In 2002, he was awarded Toastmaster International's highest honor, the Golden Gavel. Other recipients included Walter Cronkite and Anthony Robbins. He calls himself a "verbivore," one who devours words. Verbivore.com is his website.

Today, from San Diego, where he now lives with second wife, Simone, he co-hosts the NPR radio program, "A Way with Words." He has been profiled in magazines as diverse as The New Yorker, People, and The National Enquirer. He keeps up an active speaking schedule. "Have tongue, will travel," he laughs.

Richard grew up in West Philadelphia, the last of five siblings born to a man who only made it through the sixth grade and a woman who only finished the 10th. Two of his brothers followed their dad into textile sales, but not Lederer.

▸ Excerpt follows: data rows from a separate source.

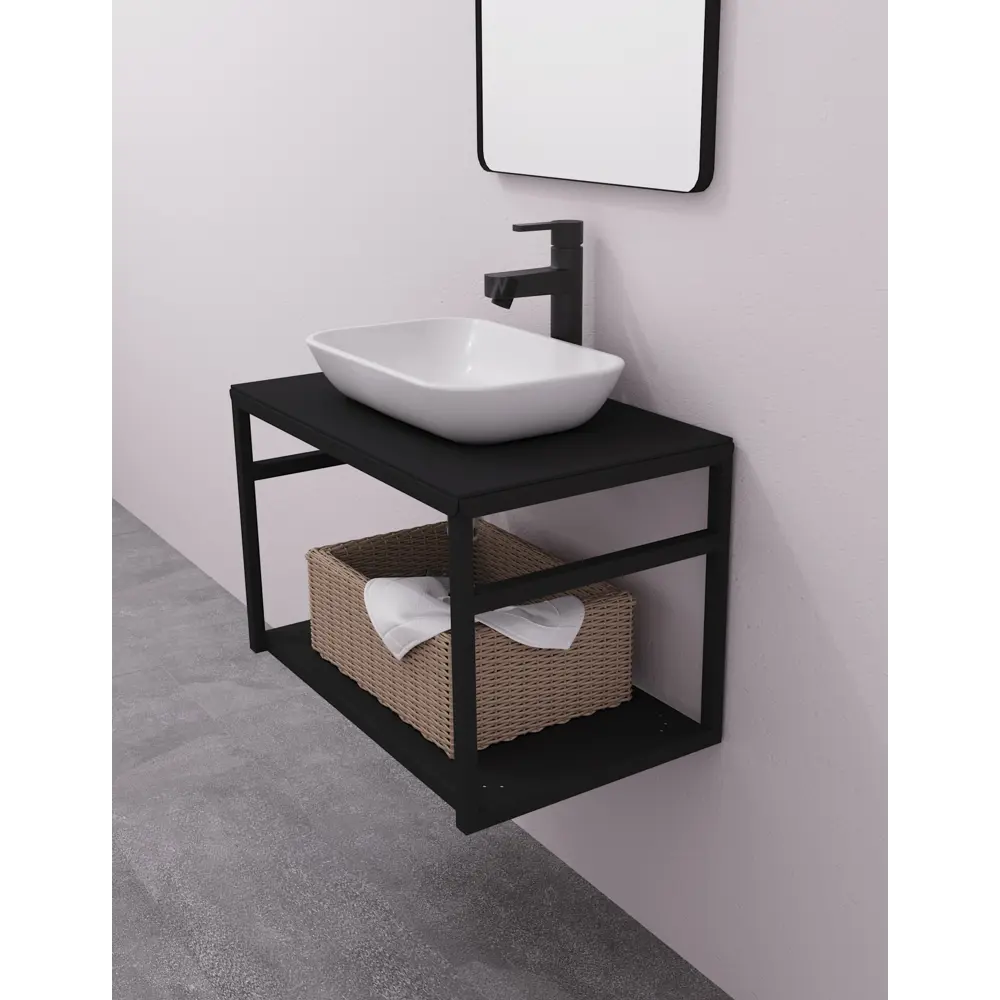 Полка для опоры Ferro 60 см стекло цвет чёрный Santreyd STLM-2162580 - Вид №6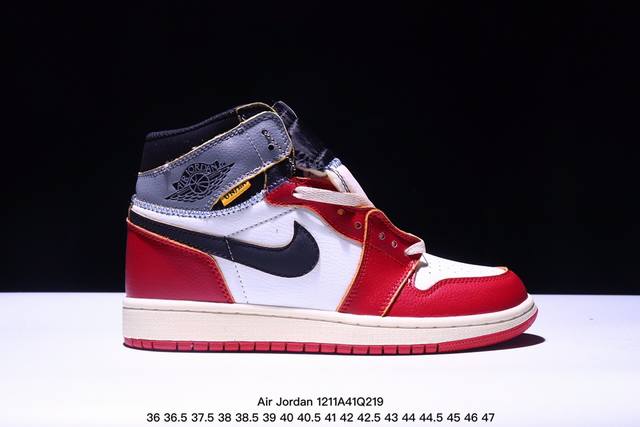 公司级union X Air Jordan Aj1 Retro High Nrg 联名四色拼接灰白红 Hv8563-600 外贸特供批次 终端控货优势输出 新配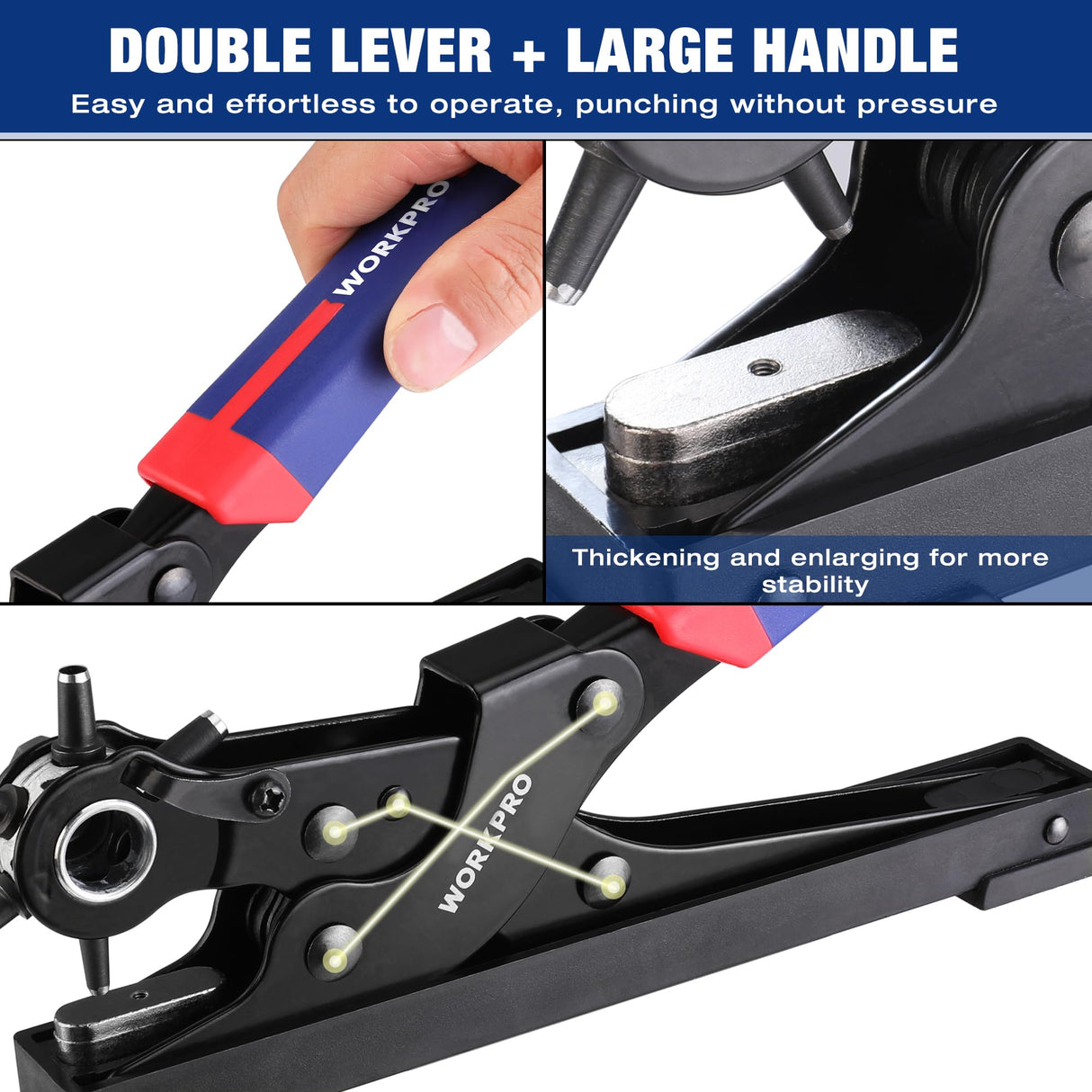 WORKPRO Desktop Leather Hole Punch Set, Rotary Belt Hole Puncher for Leather, 6 Punch Sizes, Heavy Duty Leather Hole Punch Tool for Leather Belts, Dog Collars, Watch Band, Saddles, Shoes, Home DIY WORKPRO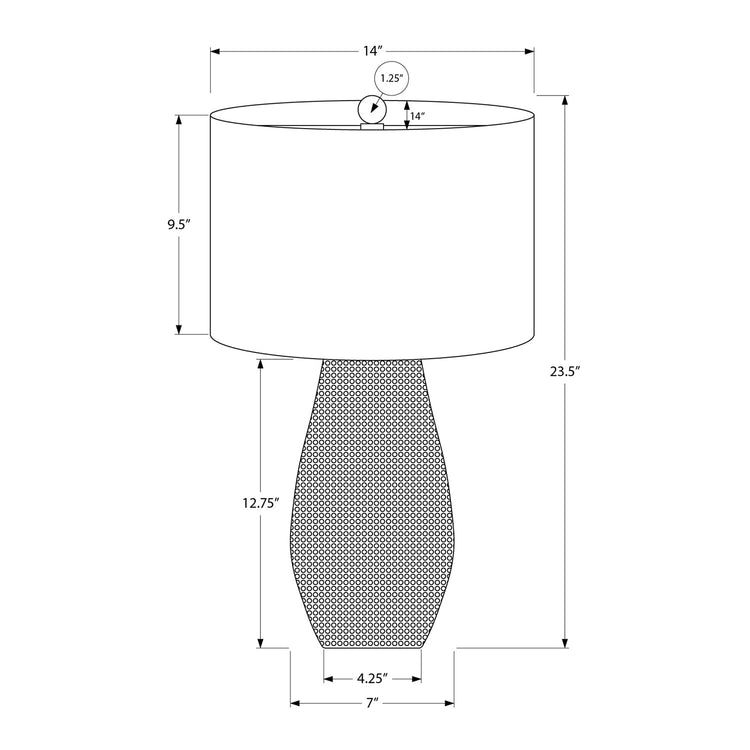 I 9654 - Luminaire, 24"H, Lampe De Table, Résine Grise, Abat-jour Ivoire / Crème, Contemporain - Simple Boutique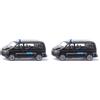 Siku 1548, VW T5 squadra speciale, Metallo/Plastica, Nero, Macchinina per bambini, Design fedele nei dettagli, Portellone posteriore apribile (Confezione da 2)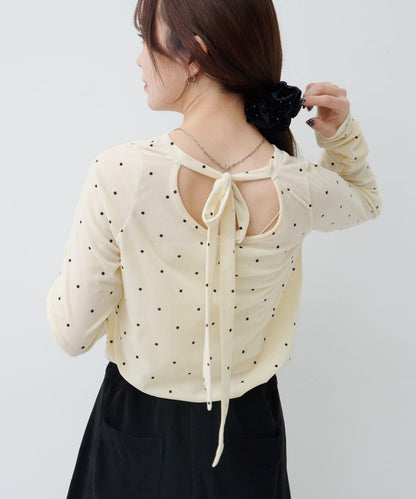 波點天鵝絨蝴蝶結領套頭衫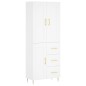 vidaXL Aparador alto madera contrachapada blanco 69,5x34x180 cm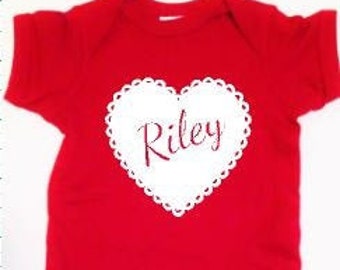 Valentine baby one piece, glitter heart bodysuit, baby girl red shirt, personalized name, Valentine's day shirt, glitter heart, baby gift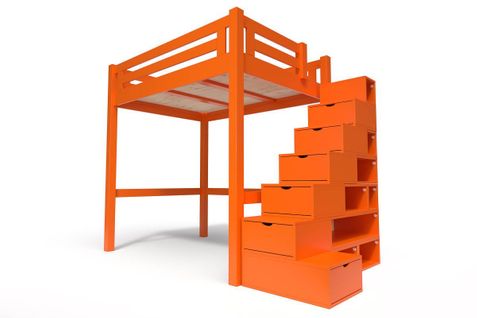 Lit Mezzanine Alpage Bois + Escalier Cube Hauteur Réglable, Couleur: Orange, Dimensions: 120x200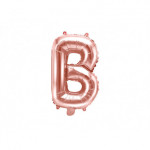 Balon foliowy Litera ''B'', 35cm, różowe złoto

After Haverford College, he started law school at Harvard. Two of his classmates were Elizabeth Dole and Janet Reno. He read law texts, but instead of deriving principles of law from them, he was fascinated by the structure of English within them. He then switched to education, earned his master's degree, and took a job at St. Paul's. Later he added a Ph. D. in English and Linguistics from the University of New Hampshire.

Richard and Deedy, Mom to the three kids, met over a bridge game at Harvard. Katy reports that she is a genius - Annie says she had perfect SAT scores - who preferred solitaire and crossword puzzles. She would breeze through the Sunday New York Times crossword puzzle in 20 minutes, doing it in ink.

Deedy "was not quite of this world," according to Katy. She had a drinking problem, since resolved, and left Richard for an acting career in New York.

The struggling family at St. Paul's gravitated to cheap entertainment: card games. Favorites were Hearts and Oh, Hell. Richard was the Gamemaster-in-Chief.

The games were "violently competitive," according to Katy. If Annie lost, she would throw the cards. Howard would glare after a loss. Katy, the youngest, was mellower. She would go on to try gambling, but settled into the life of a writer.

"Let the child psychologists curse us," Richard says of his insistence that the parents never faked losing so the kids could win. Nor would he help them to win at cards, chess, or other games, claiming this was poor sportsmanship. To Richard, it was pure and simple: when they won, they won.

Finally, as a teenager, Howard beat the Old Man in chess, fair and square. They played with "extreme fierceness," reports Katy. "The air of my father's defeat hung heavy over the household for days afterward and partly because my father refused to play my brother in chess ever again."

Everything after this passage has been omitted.